Jazz Travels Feature: We sent George Howlett along to this year's Darbar Music Festival, check out his incredible review here.

Published 3rd Oct 2016

In India, as in the West, it can be fashionable to lament the supposed decline of classical music. However it is hard to believe in the reality of this trend based on the evidence of a fortnight ago, as Darbar Festival took over the Southbank Centre for three full days. Despite being 5,000 miles away from the music’s homeland, hundreds packed out the Royal Festival Hall to hear some of India’s finest performers present the fruits of their lineage to both new and seasoned ears.

Young listeners who shy away from the Western classical world through a perception of stuffy or reserved formalism can expect none of this from Darbar. This is living music improvised for the exact time and place of performance, and can only be fully experienced as such. Many musicians did not choose which rāga would best suit the evening mood until taking stage after the previous performer, and audiences did not hesitate to loudly applaud feats of conceptual and technical virtuosity.

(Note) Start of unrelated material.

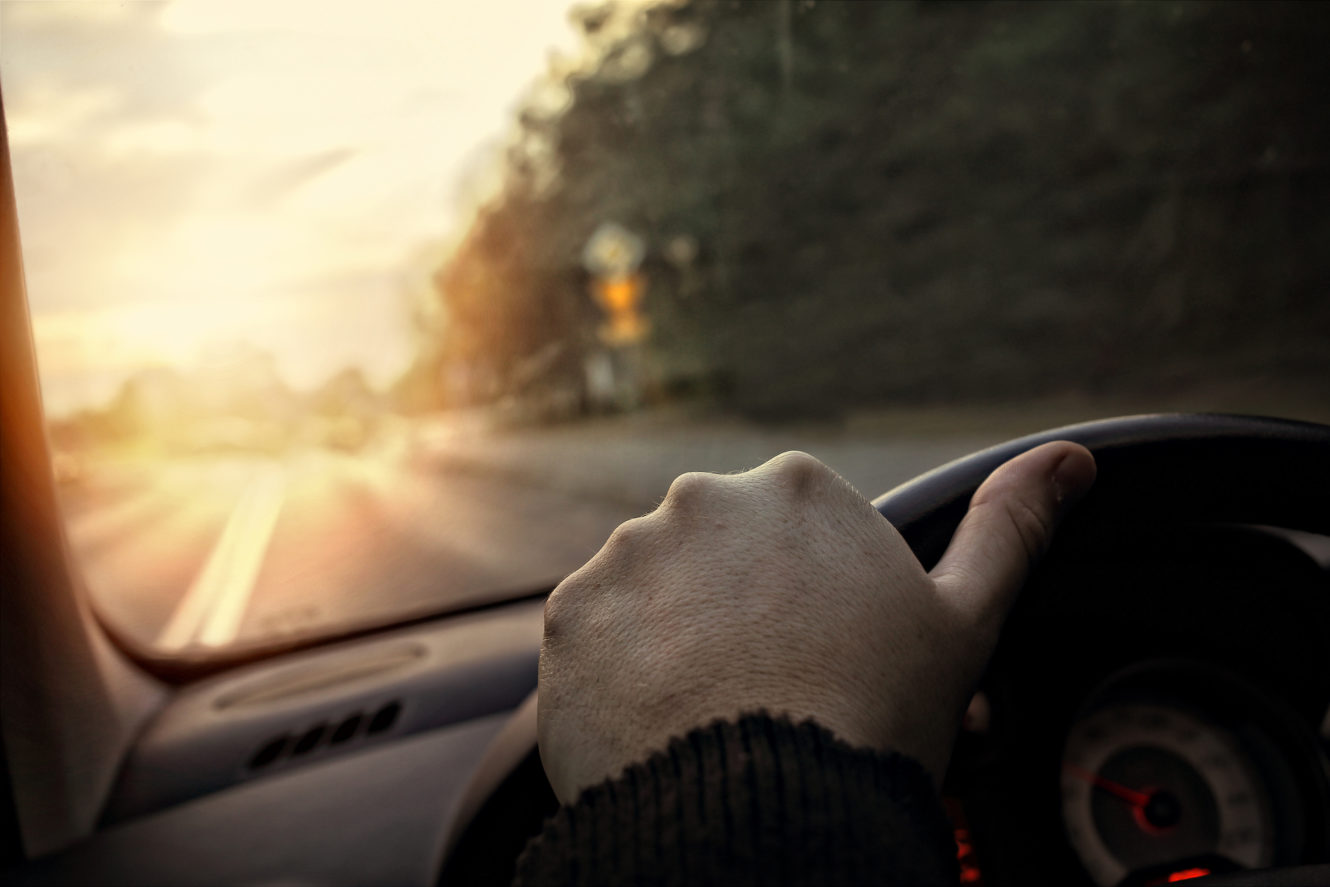 Hand on the steering while driving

The program included bold new musical fusions. Cellist Matthew Barley led Friday’s premiere of Universal Notes, a experimental work blending Western classical forms with both of India’s distinct Classical traditions - Hindustani from the North, and Carnatic from the South. The project was the culmination of a year-long collaboration between Darbar’s organisers and the Philharmonia Orchestra, and featured composed string passages intertwined with powerful Indian rhythms and leads. The ensemble included strings, clarinet, violin, sitar, bansuri bamboo flute, Saraswati veena, and ghatam clay pot, and expertly balanced the unpredictability of Indian improvisation with sophisticated harmonic writing. The electrifying result married the best elements from Eastern and Western classical forms more adeptly than we have heard in any previous fusions of this kind.


Free morning yoga sessions and meditative dhrupad recitals allowed festival-goers to ease into each day, but much of the evening music was loud and direct, with all main performances reaching sonically dense and fierce heights. The lyrics of some khyal vocal recordings lead to them being marked with the “explicit” tag on the iTunes store, and there was certainly nothing polite about Aruna Saiam’s extraordinary vocal recreation of Lord Krishna’s mythical battle with Kaliya, the fearsome five-headed snake who boiled the waters of the Yamuna River around him as they fought. An all-male rhythm section of Dr. S Karthik’s ghatam and P.S. Kumar’s mridangam provided aggressive firepower for the all-female triple lead of Saiam’s voice, Jayanti Kumaresh’s veena, and Jyotsna Shrikanth’s sliding violin.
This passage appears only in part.